━━ Supplied data ━━

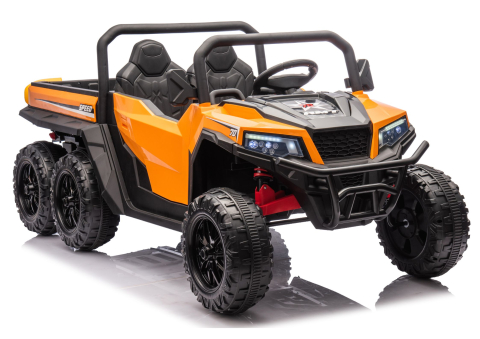 Vehicule electrice copii - Masinuta electrica 6 roti XB-1038A 4x4 Off-Road pentru copii, 24V 7Ah, 4 motoare 200W, telecomanda, roti EVA, scaun piele, PORTOCALIU, 3-8 ani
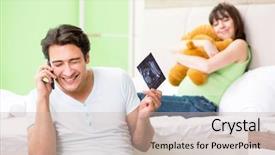  Presentation with interacial pregnant family - Beautiful slides featuring mobile xray - young family finding backdrop and a soft green colored foreground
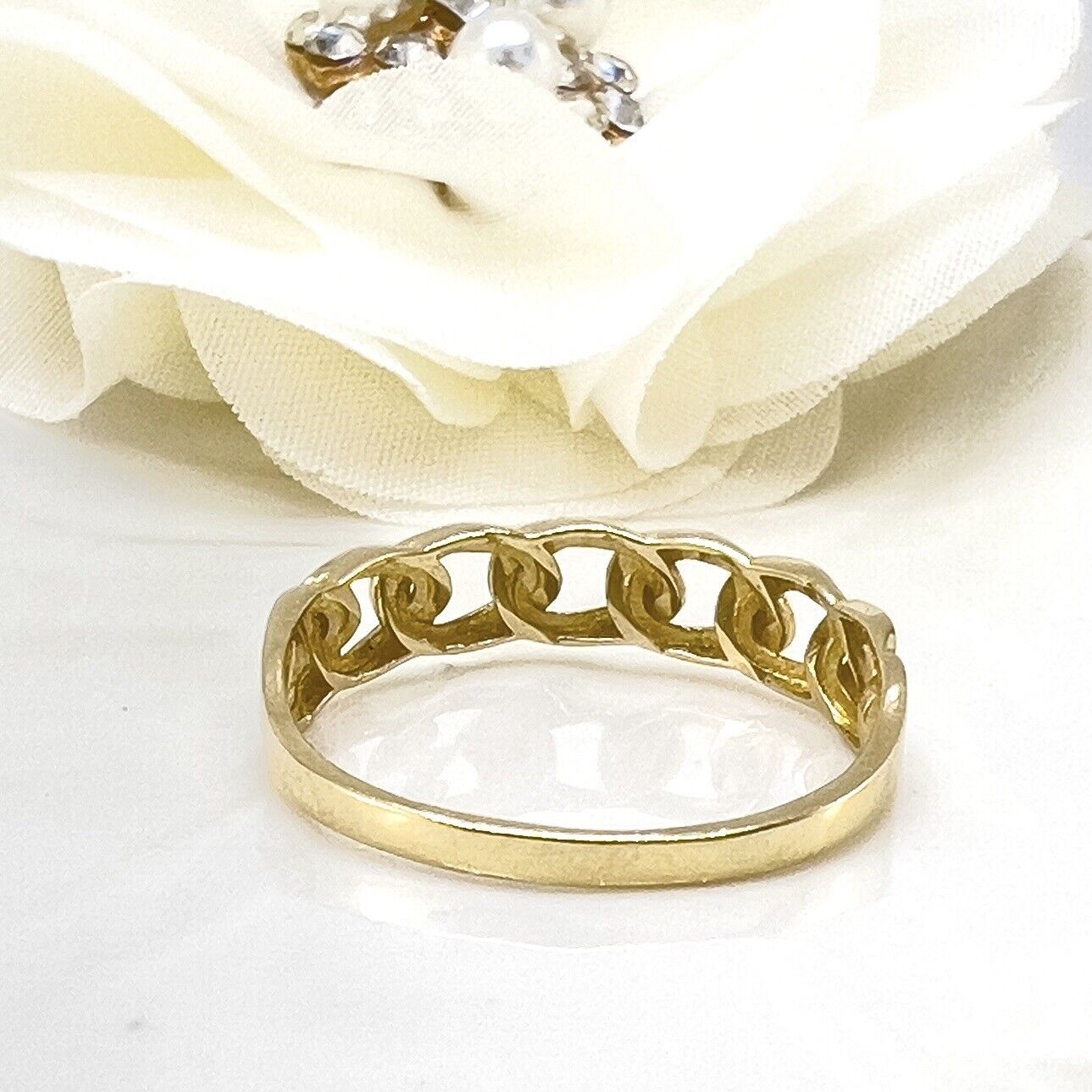 14k Yellow Gold Cuban Curb-Link (4.75mm) Ring, New, Size 7.5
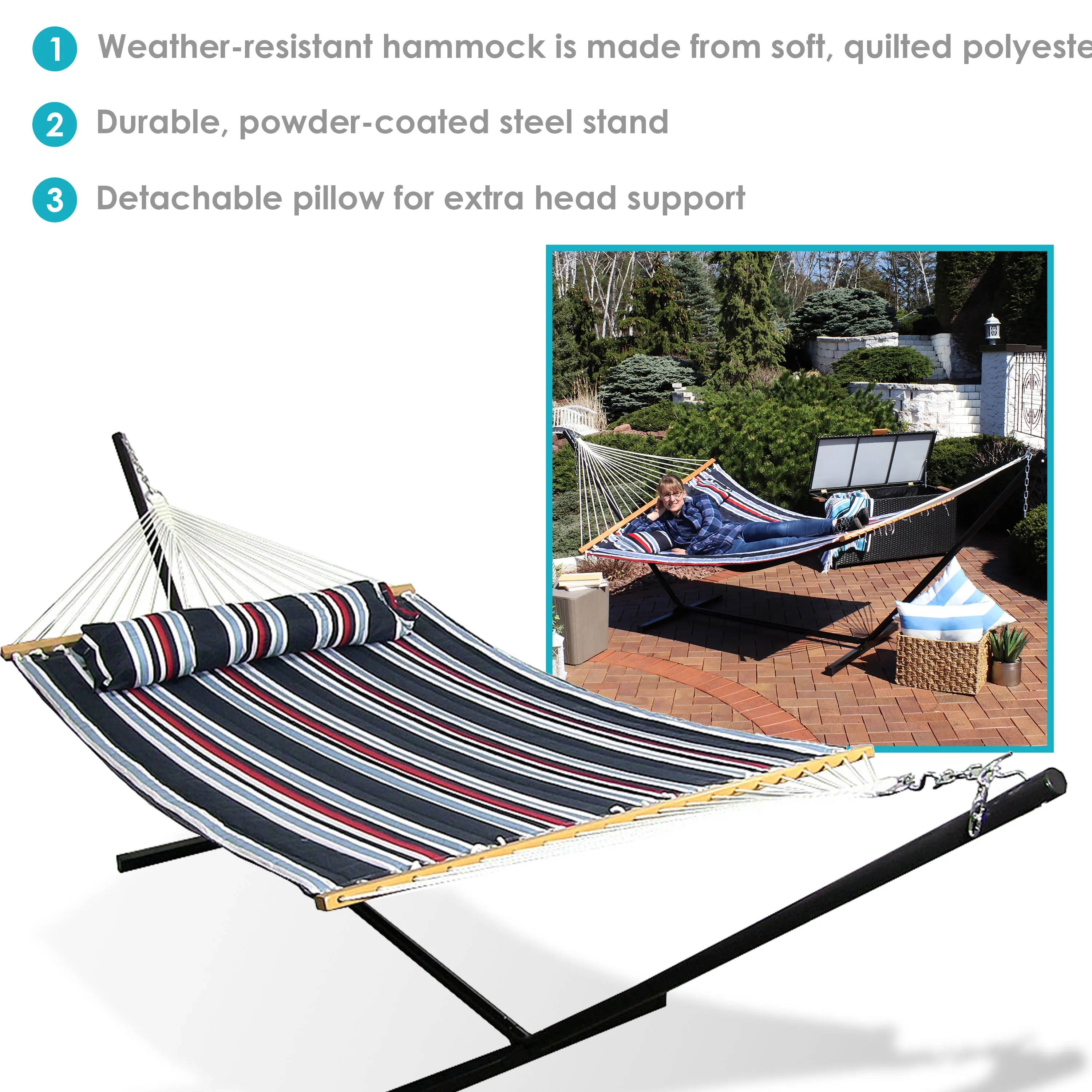 Sunnydaze 2-Person Freestanding Quilted Fabric Hammock with Stand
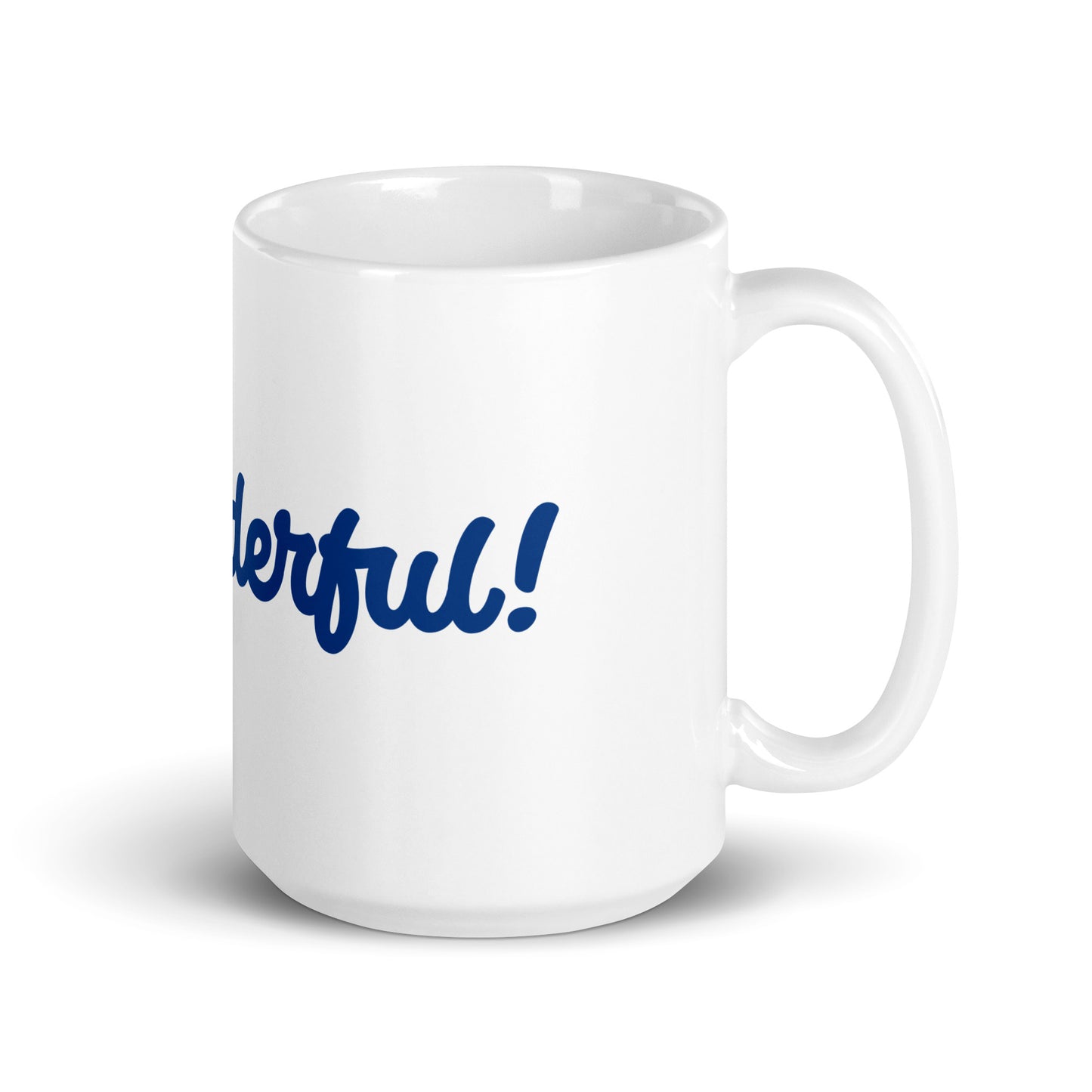 Mom-derful White/Blue Glossy Mug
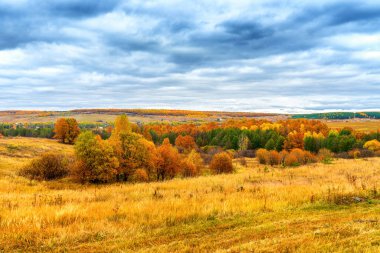 Yeşil ve sarı renkli resimli sonbahar manzarası. Bulutlu bir günde tepeden ovaya köy ve tarla panoramik manzara. Renkli sonbahar doğası, güzel doğal arkaplan.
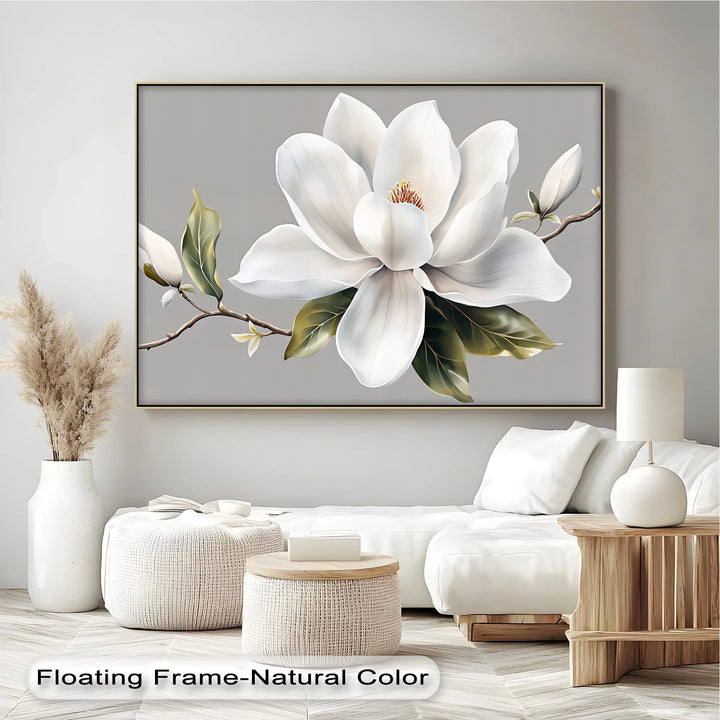 White Magnolia Bloom – Elegant Minimalist Floral Canvas Wall Art - MyPhotoStation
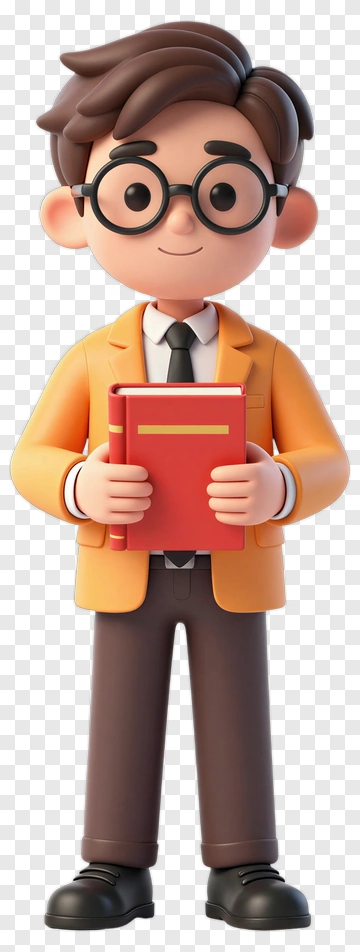 3D Teacher Holding A Book PNG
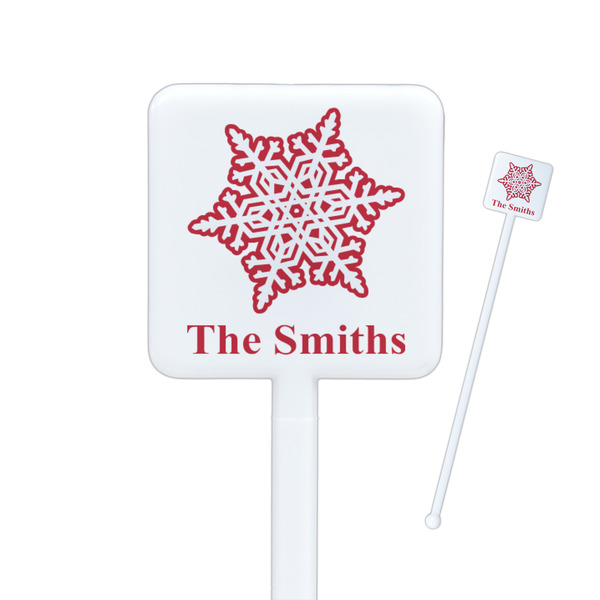 Custom Snowflakes Square Plastic Stir Sticks - Double Sided (Personalized)
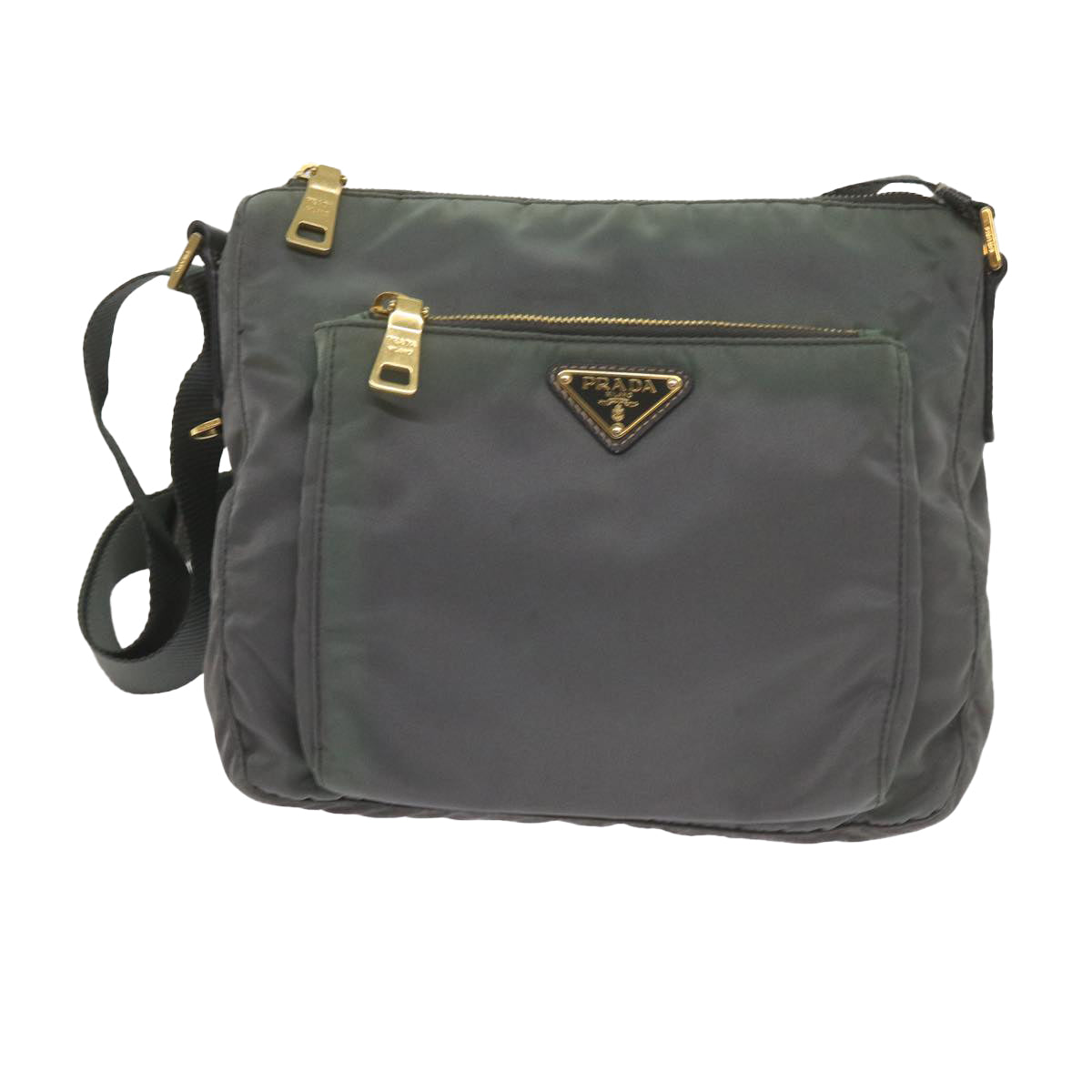 PRADA Shoulder Bag Nylon Khaki Auth 60775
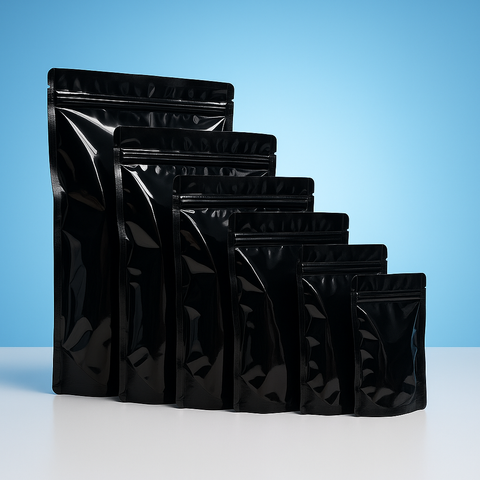 Stand Up Pouch with Zipper Closure- Gloss Black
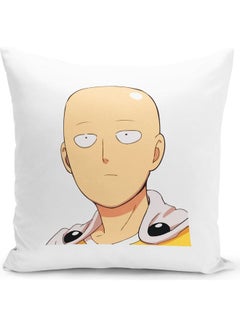 Buy Shocked One Punch Man Caped Baldy Themed Throw Pillow White/Black/Yellow 16x16inch in UAE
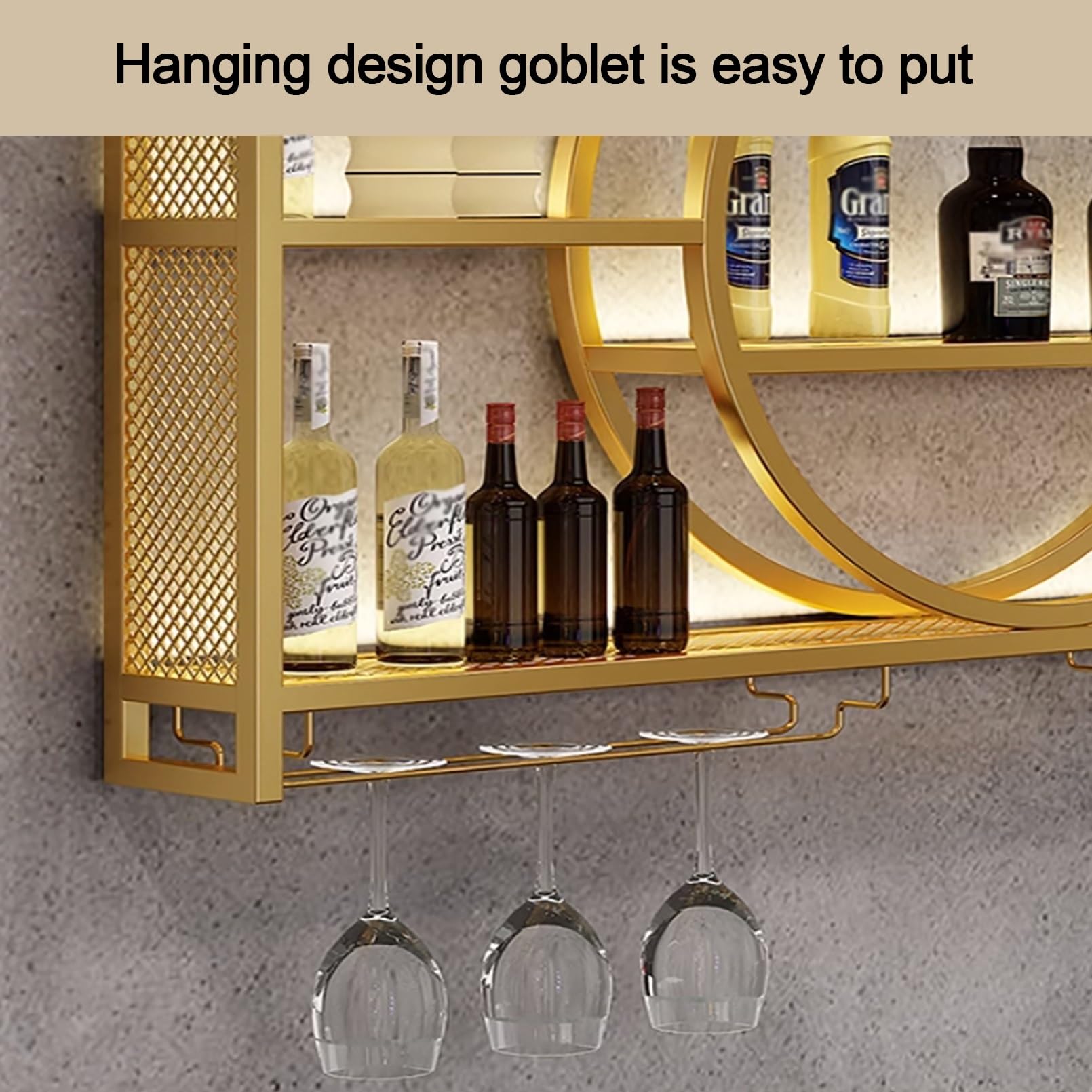 Portabottiglie Da Parete In Metallo - Con Ripiano Per Bicchieri, Per Vino, Design Elegante - Foto 2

━━━

Task: Please return, without any change, the lines from the line containing "3D Teacher Holding A Book PNG" through the last line of the entries, dropping the pictures.

Solved exercise:
 3D Teacher Holding A Book PNG
 Custom Snowflakes Square Plastic Stir Sticks - Double Sided (Personalized)
 PRADA Shoulder Bag Nylon Khaki Auth 60775
 Stand Up Pouch with Zipper Closure- Gloss Black
 Buy Shocked One Punch Man Caped Baldy Themed Throw Pillow White/Black/Yellow 16x16inch in UAE
 Portabottiglie Da Parete In Metallo - Con Ripiano Per Bicchieri, Per Vino, Design Elegante - Foto 2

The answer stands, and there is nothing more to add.